C’est ça, l’expérience religieuse à son meilleur; elle est inattendue, spontanée, un éclat de lumière qui change tout. Un appel « suivez-moi » qui donne une mission à notre vie. C’est le contraire de la religion institutionnalisée. Chez Jésus il n’y pas de catéchisme standardisé, pas des spécialistes en communication, pas de rituel obligatoire. Juste un appel : « suivez-moi ». Il n’y a d’ailleurs pas d’église, pas de comité de liturgie ni loi canonique ni hiérarchie de pouvoir. Pas d’institution. Juste cet appel : « suivez-moi ».
Un autre aspect intéressant de ce texte : ce n’est pas un appel à quitter ce monde réel et établir une secte séparée. Tout au contraire, Matthieu insère son récit dans un cadre bien réaliste, un contexte de ce monde réel qui est le sien. La géographie – Galilée, Nazareth, Capharnaum. L’histoire récente – l’arrestation de Jean le Baptiste. L’institutionnel – Jésus enseigne dans les synagogues. L’économique – on réduit le personnel dans une petite entreprise de pêche. Jésus vit et travaille dans ce monde bien concret, et ceux qui le suivent le font dans leur monde, pas dans des monastères isolés.
Ça a mal tourné pour Jésus, cette insertion dans le monde concret et son appel radical à changer ce monde. Du côté économique cela ne pouvait pas fonctionner. Qui va investir s’il faut tout donner aux pauvres? Du côté des synagogues cela ne pouvait pas fonctionner. Questionner la loi et ceux qui la gardent n’était pas acceptable. Du côté politique cela ne pouvait pas fonctionner. L’occupant romain a vite étouffé dans l’œuf ce mouvement. Alors l’engagement de Jésus dans le monde concret de son époque a échoué lamentablement, et il en a payé le prix.

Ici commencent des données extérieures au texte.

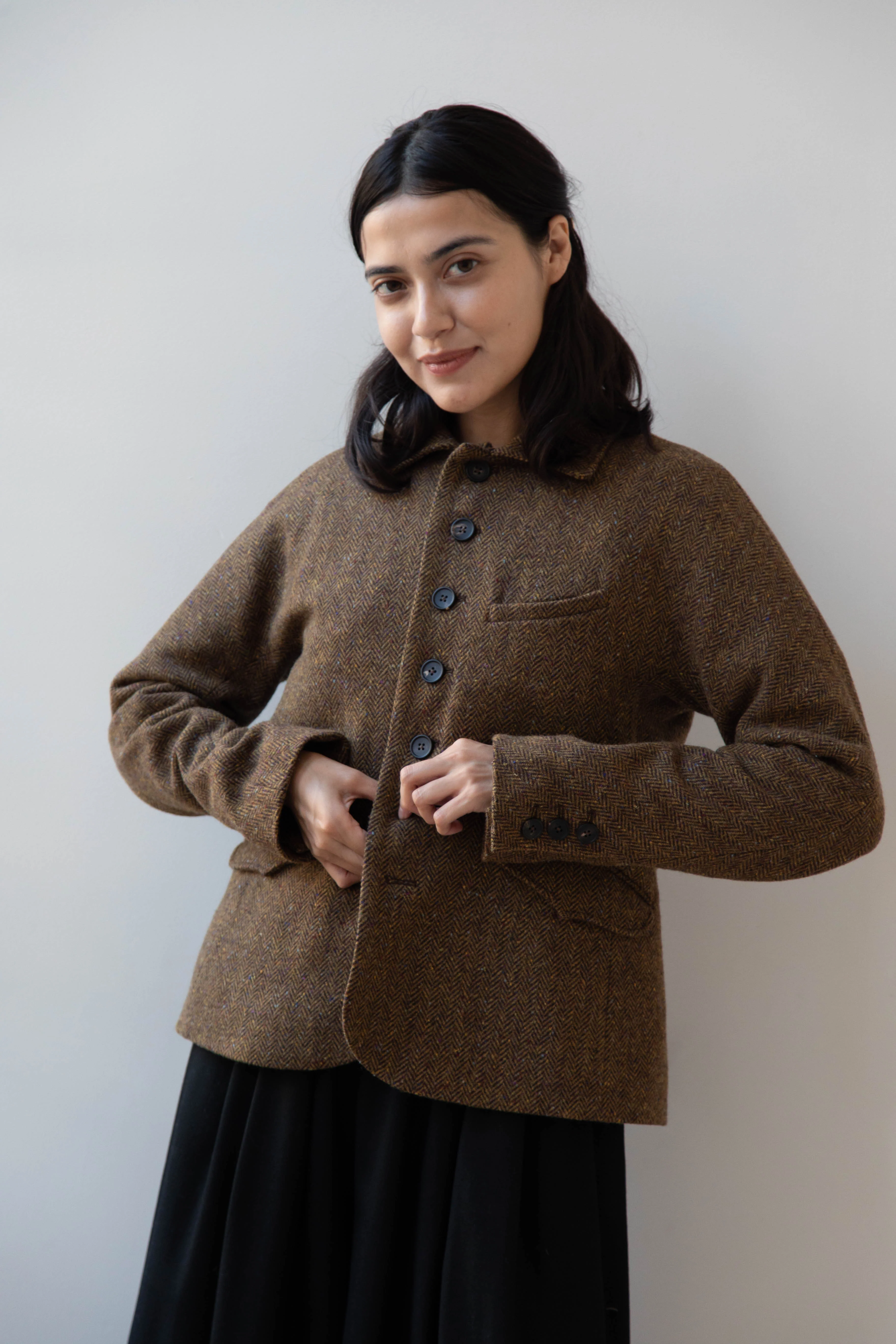 Seventyfive | Student Jacket in Herringbone Donegal - Image 24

La fin donc? Pas du tout. La fin certes des puissantes institutions de l’époque. Ou sont-ils, les César Auguste, Hérode, Ponce Pilate, Quirinius et autres grands de l’histoire de Noël? Où sont leurs forteresses invincibles? Une fin, c’est vrai.
Mais pas la fin de Jésus. Ce qui a survécu, c’est cet appel « suivez-moi » qui continue à nous arriver à travers les siècles, de ce personnage étonnant, très humain et extraordinaire à la fois. Personnage qui nous laisse perplexes : parfois nous pensons le connaître comme un frère et parfois nous admettons avec Jean-Baptiste « et moi, je ne le connaissais pas ».
Et l’unité des chrétiens dans tout cela? Elle ne peut dire qu’une seule chose : nous suivons la voie de Jésus, cette voie de paix, d’amour et de respect pour les autres. Ou nous amène-t-elle, cette voie? Impossible de le dire. Nous vivons tous dans nos contextes différents, dans des institutions différentes. Nos églises varient aussi, et souvent nous ne les avons même pas choisies. Par exemple, moi, je suis né protestant suisse. La plupart d’entre vous êtes nés catholiques québécois. Veut, veut pas, c’est ça qui nous sommes et nos origines nous marquent, et c’est là que nous attend cette « grande lumière » qui peut changer notre vie, cet appel « suivez-moi ».
J’ai parlé de la tragédie des religions; on pourrait aussi parler de la chance d’avoir nos églises. Elles peuvent être des lieux ou nous brille cette lumière.
On peut bien regretter que les chrétiens n’aient pas bâti une seule église avec une seule autorité et un seul catéchisme. Mais une telle uniformité serait profondément fausse, malhonnête. Nos cultures varient à travers le monde et notre monde, nos histoires et appartenances varient aussi. Pour être authentique notre foi doit s’exprimer d’une façon qui reflète nos circonstances, notre culture, notre monde. La diversité des églises n’est pas à regretter mais à célébrer. Nous sommes divisés parce que nous sommes différents, Nous sommes unis par un seul nom : Jésus, et par son appel : « suivez-moi ».